WHSP Holdings Limited (ASX:SOL) and Genesis Capital entered into a non-binding indicative proposal to acquire remaining 80.4% stake in Monash IVF Group Limited (ASX:MVF) for approximately AUD 250 million on November 24, 2025. A cash consideration valued at AUD 0.8 per share and will be paid by WHSP Holdings Limited and Genesis Capital. As part of consideration, an AUD 0.85 million is paid towards Performance Rights and AUD 250.61 million is paid towards common equity of Monash IVF Group Limited.

The transaction is contingent upon exclusive due diligence, customary transaction documentation negotiation and execution, unanimous Monash IVF Group Limited recommendation, and final internal approval from WHSP Holdings Limited and Genesis Capital for a binding proposal and transaction documentation. The deal has been rejected by the board of Monash IVF Group Limited due to the Offer Price being at a substantial discount to comparable IVF transactions in the Australian market, the Proposal remaining conditional and requiring further due diligence and access to senior management and key employees, and uncertainty regarding the financing arrangements proposed by the Consortium.

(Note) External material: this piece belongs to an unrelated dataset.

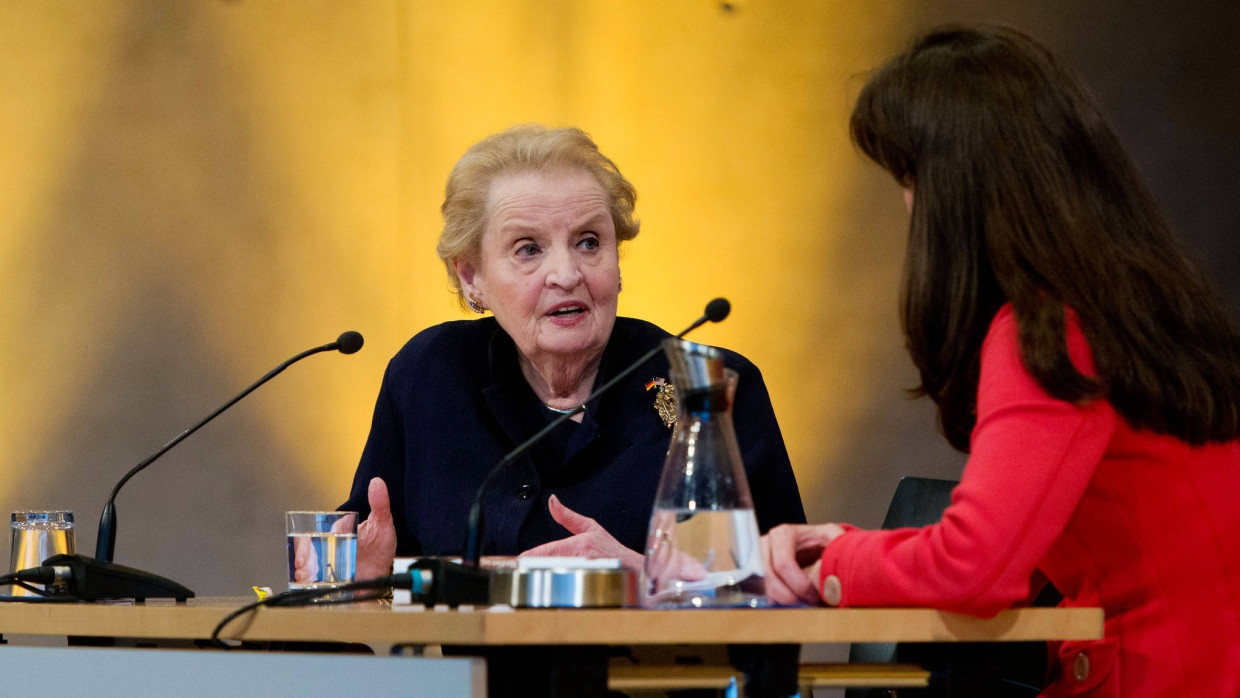 Wie und warum werden wir, wer wir sind? Madeleine Albright im Gespräch mit Felicitas von Lovenberg in der Deutschen Nationalbibliothek in Frankfurt.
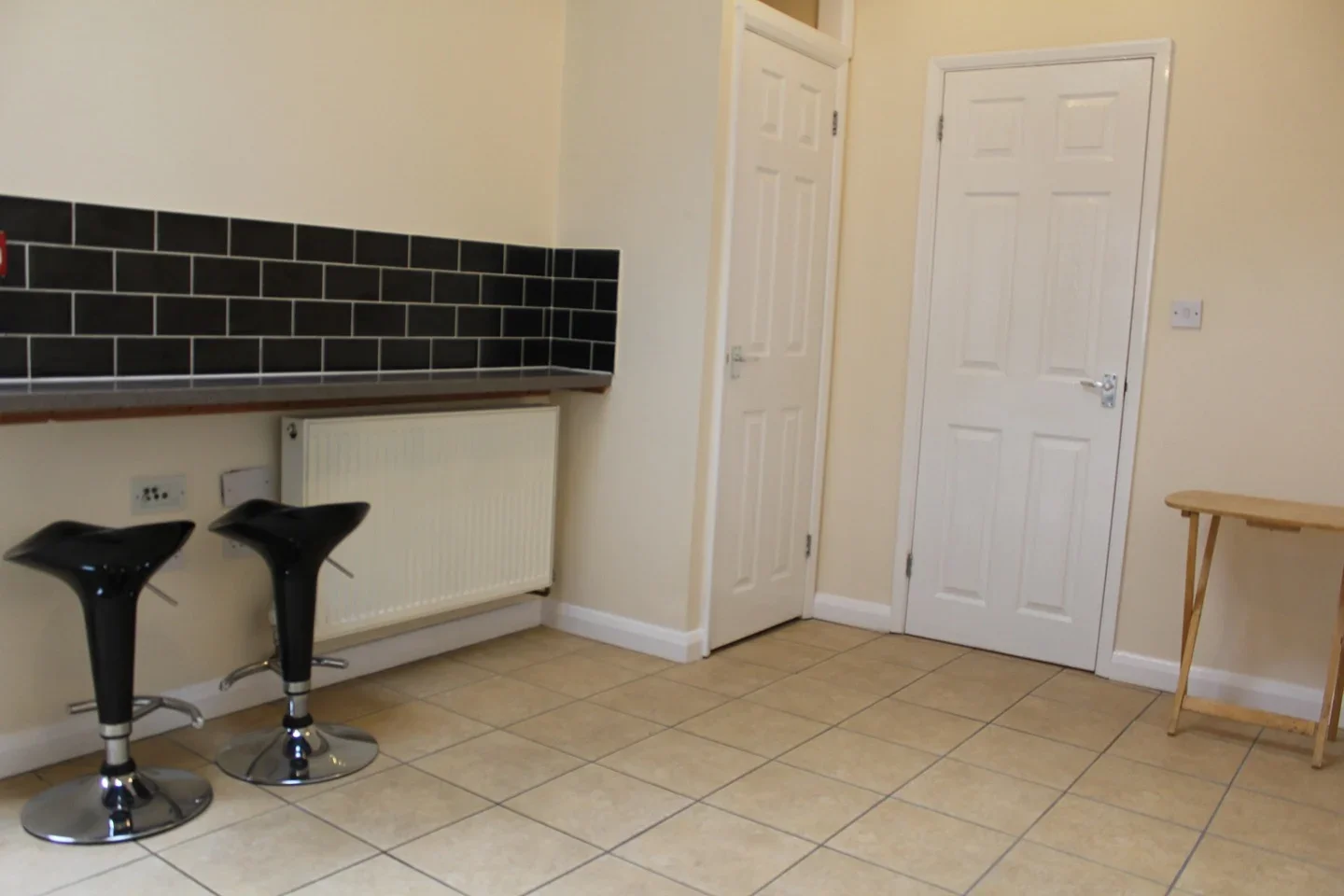 Flat Ashburnham Road in Luton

As of April 13, 2026 Monash IVF Group Limited has now received a revised, unsolicited, conditional and non-binding indicative proposal from WHSP Holdings Limited (ASX:SOL) and Genesis Capital. The indicative cash price offered to shareholders under the Proposal is AUD 0.90 per share. As part part of consideration AUD 281.93 million is paid towards common equity and AUD 1.68 million is paid towards performance rights. It should be noted that there is no certainty that the discussions with the Consortium will result in any transaction. If there are material developments in the future, Monash IVF will inform shareholders as required under its continuous disclosure obligations. The deal is conditional upon exclusive due diligence, including a 4-week period of exclusivity with no fiduciary exceptions, negotiation and execution of transaction documentation on 'customary terms', including a no material adverse change condition, unanimous recommendation of the Monash IVF Board of the Proposal and final internal approval from the relevant Consortium Members for a final binding proposal and entry into transaction documentation.

Macquarie Capital Limited acted as financial advisor for Monash IVF Group Limited. Clayton Utz acted as legal advisor for Monash IVF Group Limited.

WHSP Holdings Limited (ASX:SOL) and Genesis Capital cancelled the acquisition of 80.4% stake in Monash IVF Group Limited (ASX:MVF) on April 20, 2026. Monash IVF Group Limited announced that its Board has unanimously rejected the revised non-binding proposal from Genesis Capital and Soul Patts to acquire the company for AUD 0.90 per share, stating the offer undervalues the company but remains open to a higher bid. This captures the rejection, the offer price, the reason, and the fact that the door remains open for a higher offer, which are the key takeaways for our tracking purposes.